ML Data Preparation – E-Commerce Sales Forecasting
Prepared and transformed a raw e-commerce transaction dataset (200 records × 10 features) to be fully ready for training a Sales Forecasting machine learning model.
What was done:
Data Cleaning: Detected and treated 32 outliers across Qty, Price, and Discount columns using the IQR Capping method — preserving all 200 rows with zero data loss
Missing Values: Conducted a full data quality audit — dataset was confirmed 100% complete with no imputation needed
Feature Engineering: Created 9 new features including the target variable Revenue = Qty × Price × (1 – Discount), plus time-based features (Month, DayOfWeek, DayOfMonth)

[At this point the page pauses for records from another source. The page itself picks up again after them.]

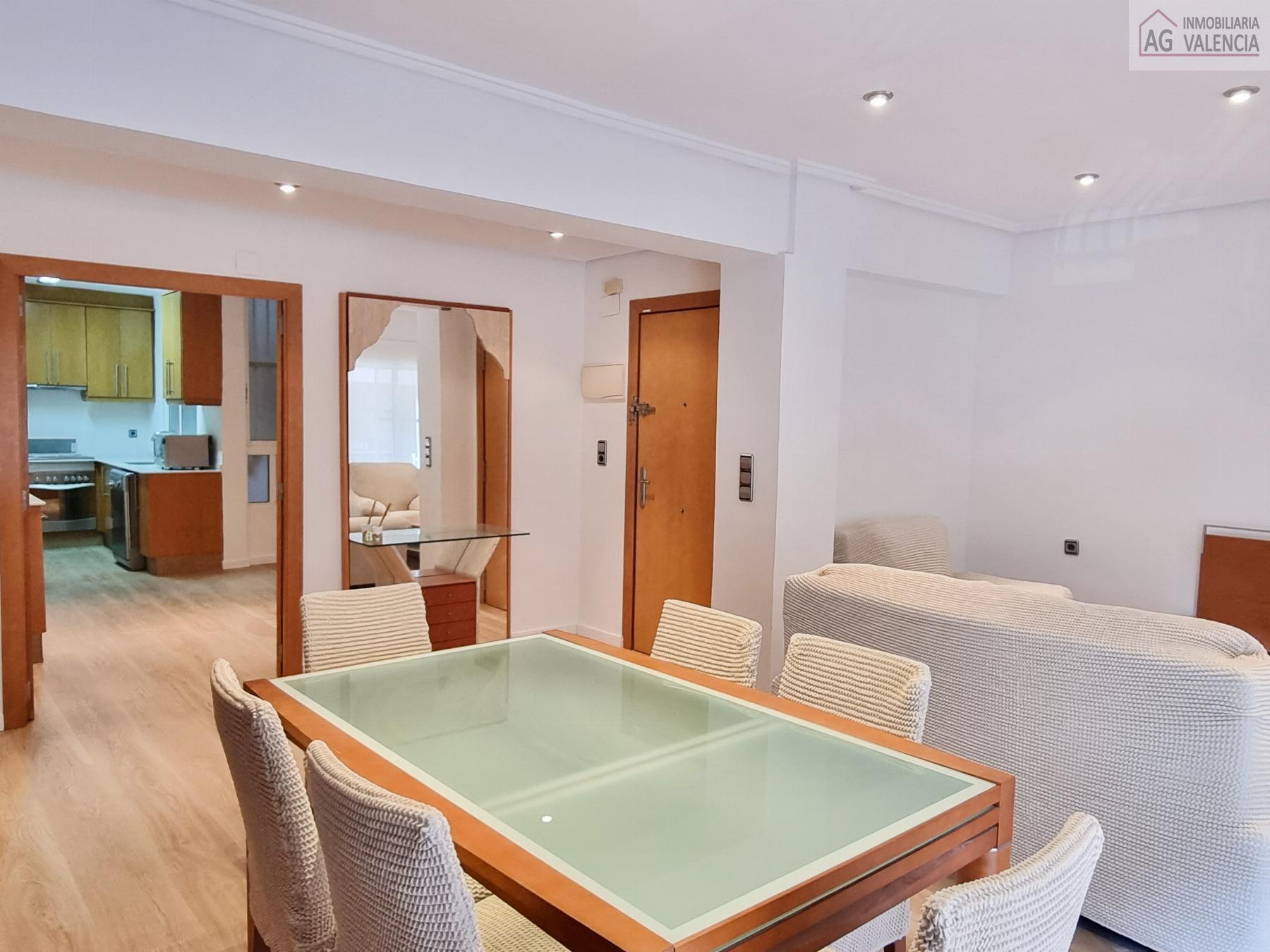 For rent of flat in Valencia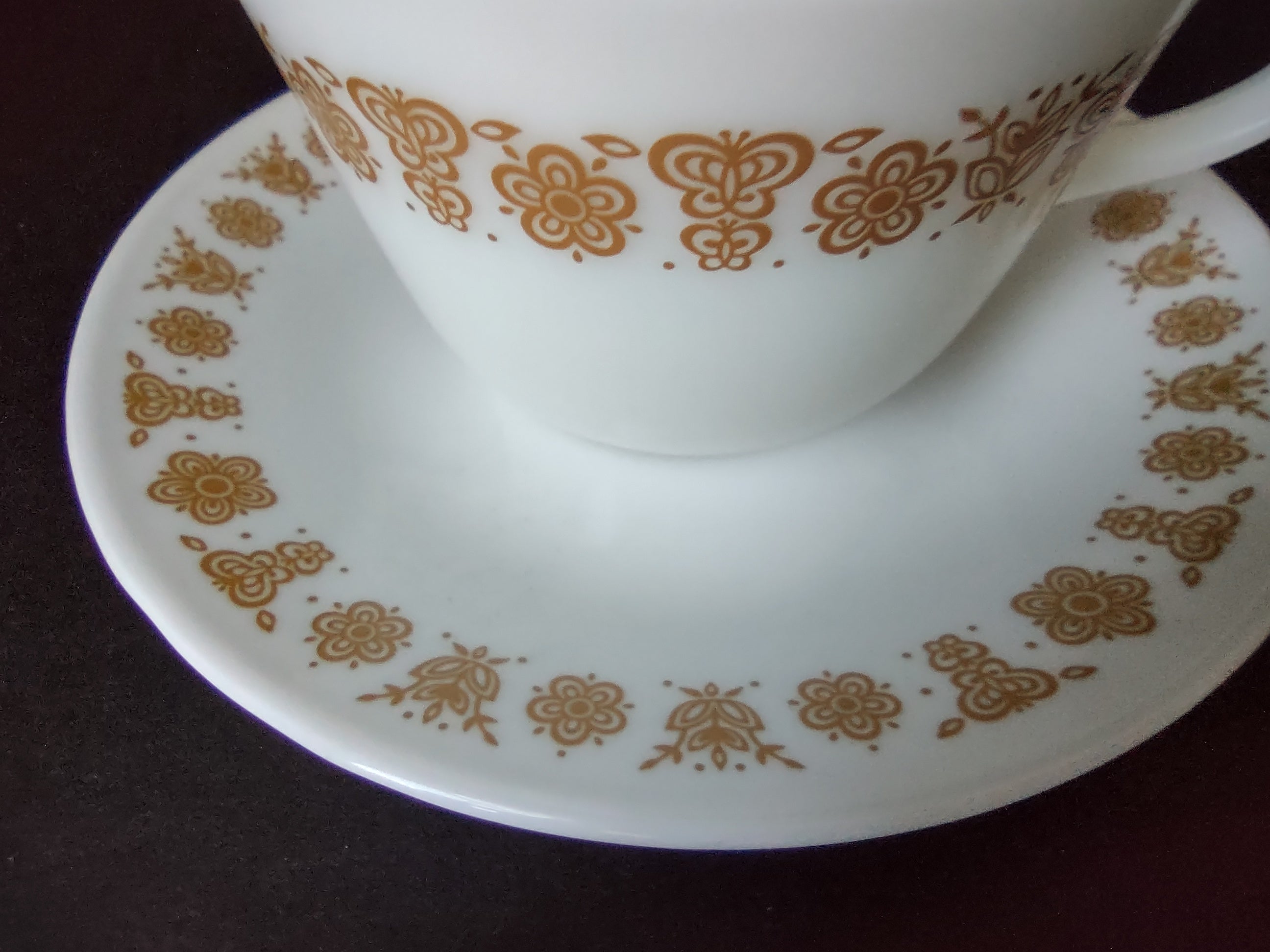 Corelle 8 x Teacup Saucer Golden Butterfly (lot 1207)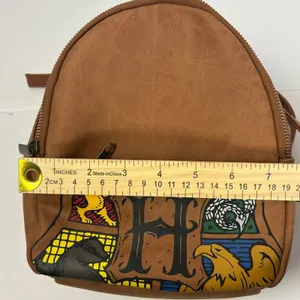 Cotton On‎ Harry Potter Hogwarts Crest Brown Faux Leather Mini Backpack Bag thumbnail 5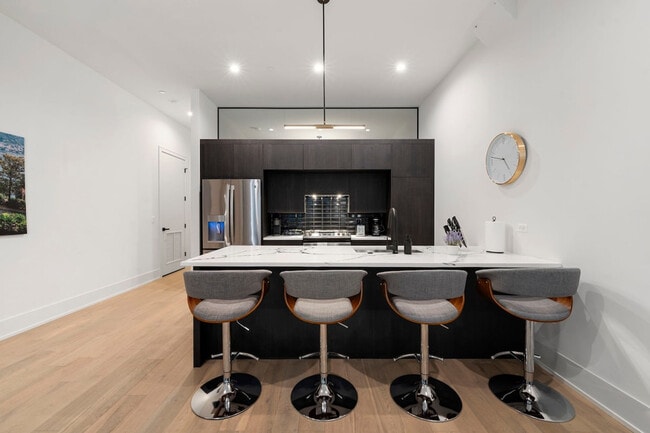 Photo - 318 W Grand Ave Unit ID1244929P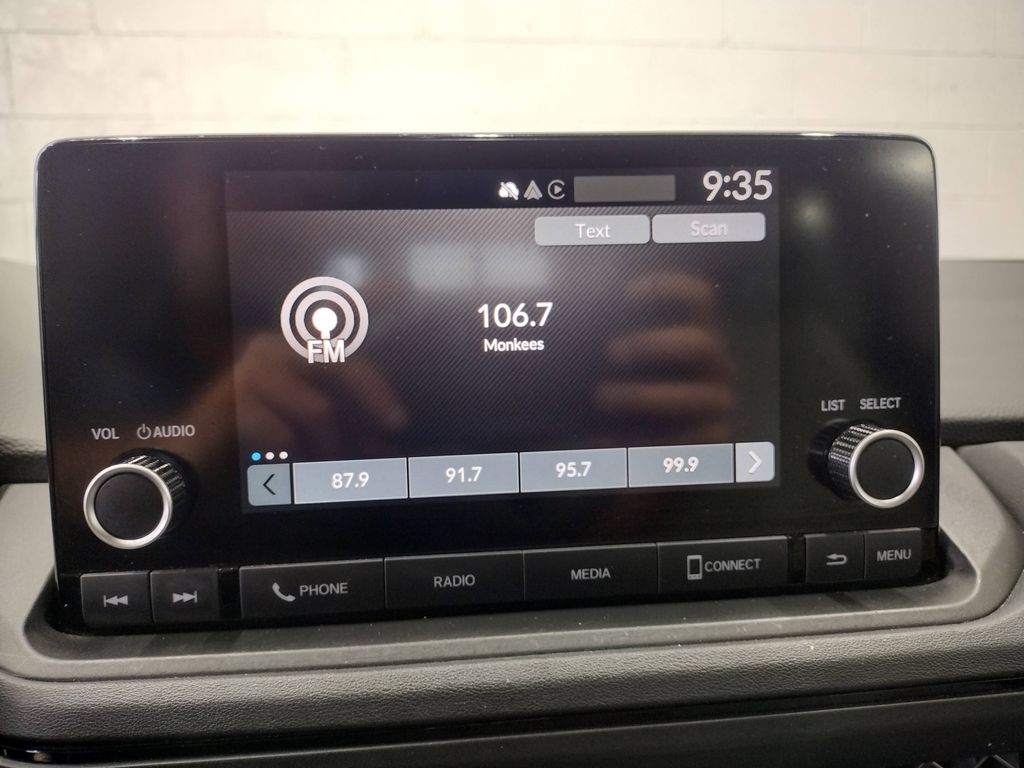2023 Honda Accord LX photo 21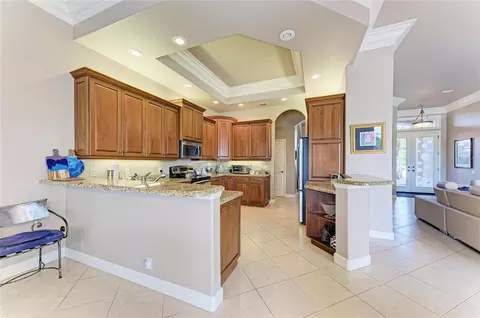 Kitchen - 5133 96th St E, Bradenton, FL 34211 photo 3 of 4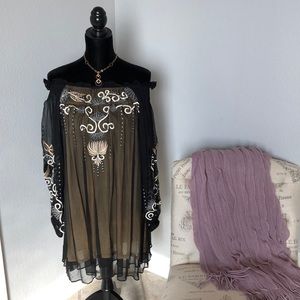 Tunic . Chiffon sleeves. Great with leggings.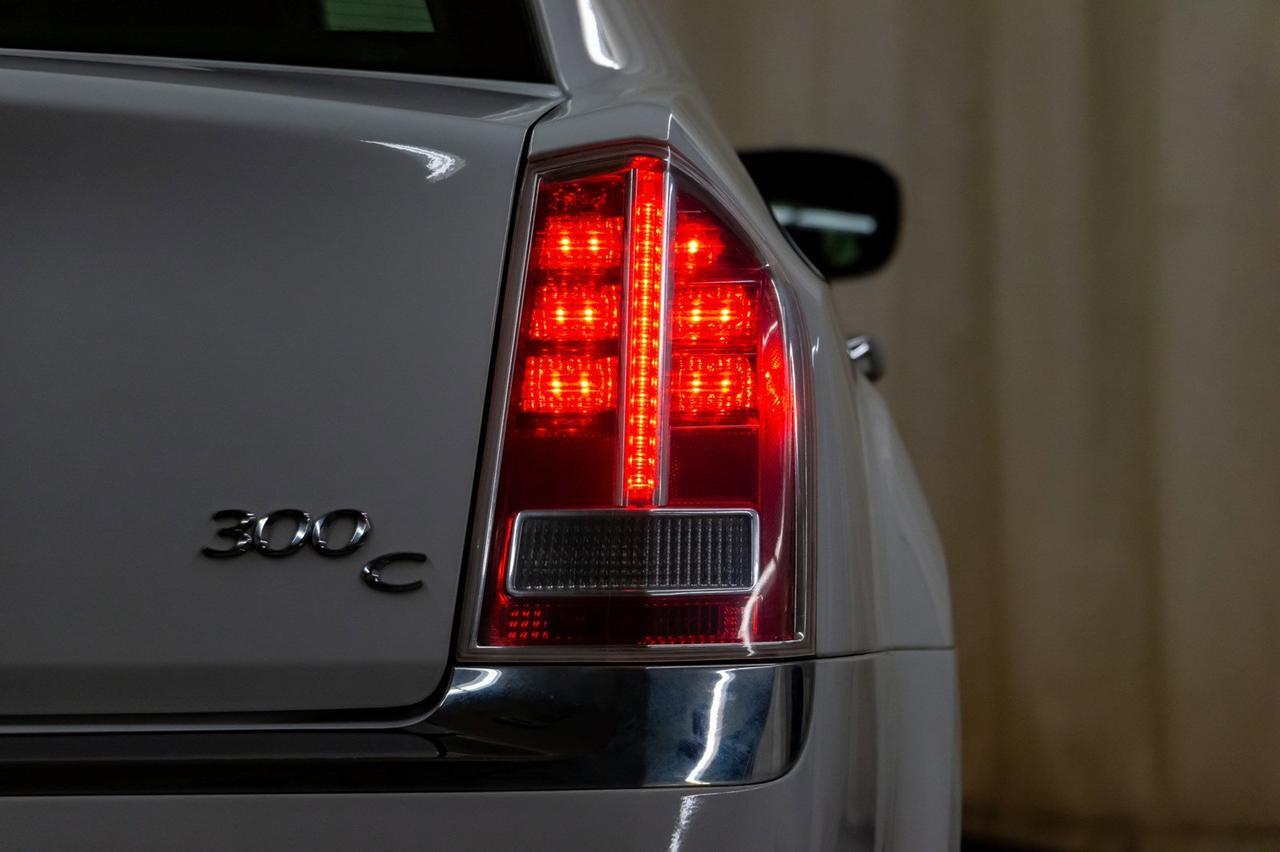 2013 Chrysler 300C Leather Roof Nav BCam Red Deer AB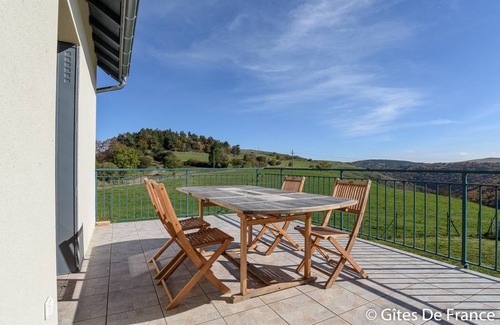 Anzat-le-Luguet Maison | 220 m² Gîte ∙ 4 chambres ∙ 8 personnes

Encoding: Applied Label Encoding to Category (3 classes) and City (5 cities), Binary Encoding to Return, and Frequency Encoding to Product
Scaling: Applied StandardScaler (μ=0, σ=1) to 9 numeric columns for optimal model performance
Deliverables: 4-sheet Excel workbook — Raw Data, Cleaned Data, ML-Ready Data, and a full Quality Report
Tools Used: Python · Pandas · NumPy · Scikit-learn · Matplotlib · OpenPyXL · Jupyter Notebook
Result: Dataset expanded from 10 raw columns to 17 engineered, fully numeric, model-ready features — with Revenue as the recommended Target Variable and Month, Category, City, Price, and Qty as the strongest predictors.